Tuesday, November 17, 2009

Noshing in November!

November is all about food.

"You should make a harvest calendar," someone said to me recently: a list of what we can harvest, month by month, from our garden and landscape. I like a challenge. It's easy to have bounty from your back yard, in, say, July. One peach tree can produce hundreds of fruit. With stone fruit varieties available to ripen as early as May and as late as October, a well-planned and rigorously pruned family orchard can readily yield from late spring into early fall. Citrus varieties ripen winter and spring, with some outliers into the summer and beyond (kumquats and Meyer lemons can have ripe fruit all year).

By now most gardeners have pulled their tomatoes, perhaps planted a few winter vegetables. The fruit trees are dropping their leaves. Perhaps grandmother made jams and preserves from the summer garden to enjoy during winter, but "putting food by" is a less common practice nowadays. What could be in your harvest basket in November and December?

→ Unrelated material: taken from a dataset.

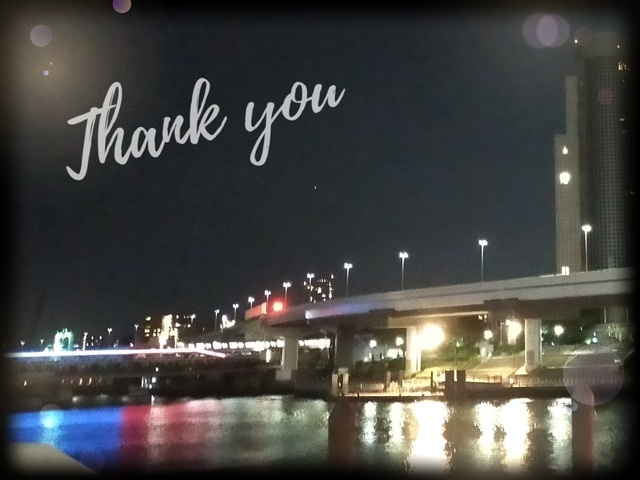 ありがとうございました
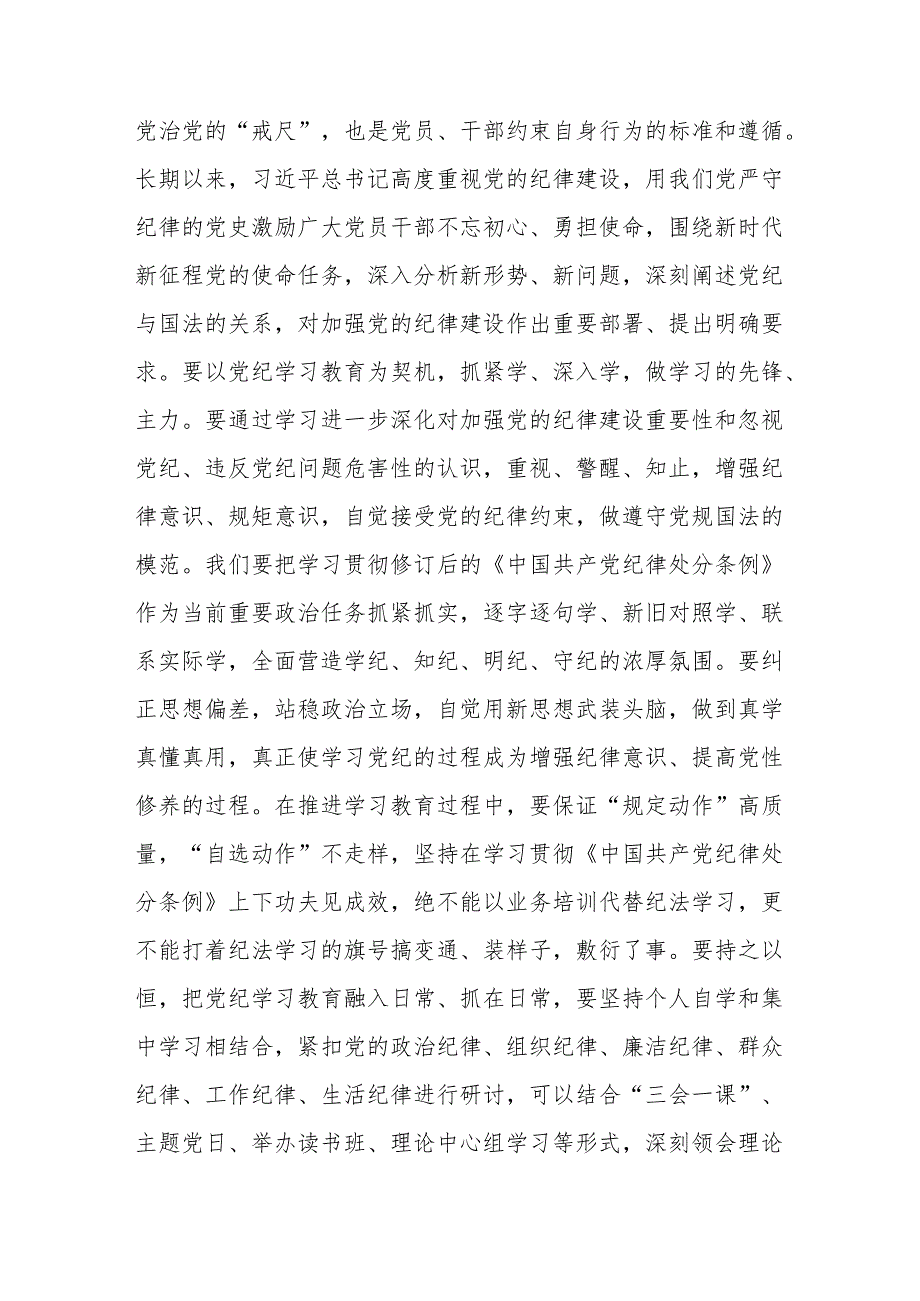 在党纪学习教育警示教育会上的讲话提纲共三篇.docx_第2页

A November harvest basket!
Clockwise from the upper rose: 'Owari Satsuma' mandarin, Feijoa; turnips, sweet peppers, rose hips; walnuts; hot peppers; Arbutus (small white blossoms). All surrounded by Ginkgo leaves.

The vegetable garden.

We almost always have sunny, dry weather here in the fall. While I have pulled most of my tomatoes, I was still harvesting fruit into November. Nights in the 40's and a couple of rainstorms put an end to that. But don't pull your pepper plants, if you have room: the green fruit that have set in late summer will continue to ripen nearly until frost.
This year we built a new vegetable planter primarily for root vegetables. I was curious if we could get winter vegetables going early enough to harvest for the Thanksgiving meal. Root vegetables like loose soil, and I decided that the easiest way to accomplish that was with a raised bed. So 2 x 12's were hammered into a 4 x 8 rectangle. The soil was amended with 2 parts compost to 1 part native soil, dug thoroughly to a depth of about 18 inches. A mini-sprinkler water line was attached and run nearly daily. Seeds were planted in early September: radishes, carrots, turnips, and beets. I could have planted parsnips, but my suspicion is that nobody would eat them; maybe next year.
Voila! Radishes were ready in October. Turnips will be on the Thanksgiving table, parboiled and then braised in butter and pepper. Beets are just bulging, so they will be later holiday fare. And the carrots look to be at least a month or so away. Brussels sprouts planted nearby have just begun to form their odd little side sprouts; six plants may produce enough for a small side dish now, with lots more to come as they mature up the stem. Lettuce and other salad greens can be harvested within a few weeks of planting; likewise Pak choi and Swiss chard. And all of these will continue to yield through the winter and spring, until hot weather returns.